» Work item:
Every line in the records below between the one holding "14e circonscription : au" and the one holding "Exceptional, Rare 1914", inclusive, is to be set down exactly; all other lines are to be left out.

*** Provided material ***

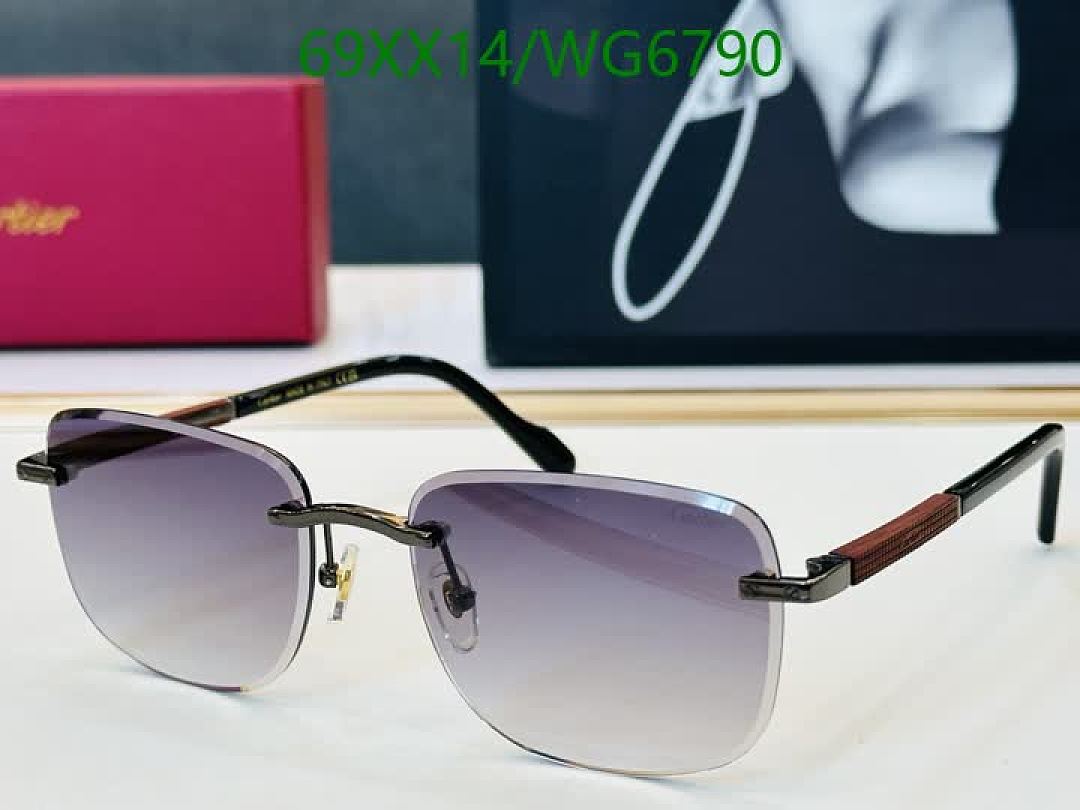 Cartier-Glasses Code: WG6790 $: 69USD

*** End of Provided material ***
*** Provided material ***

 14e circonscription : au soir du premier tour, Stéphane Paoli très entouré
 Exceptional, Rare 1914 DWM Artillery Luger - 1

*** End of Provided material ***
*** Provided material ***

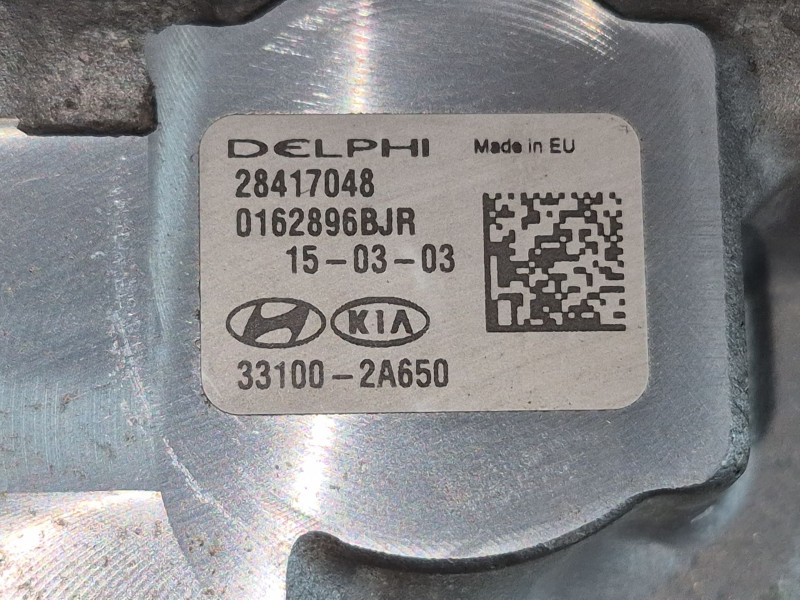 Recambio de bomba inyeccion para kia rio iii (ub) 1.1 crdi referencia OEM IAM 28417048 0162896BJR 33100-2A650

*** End of Provided material ***

» Solution for this problem:
 14e circonscription : au soir du premier tour, Stéphane Paoli très entouré
 Exceptional, Rare 1914 DWM Artillery Luger - 1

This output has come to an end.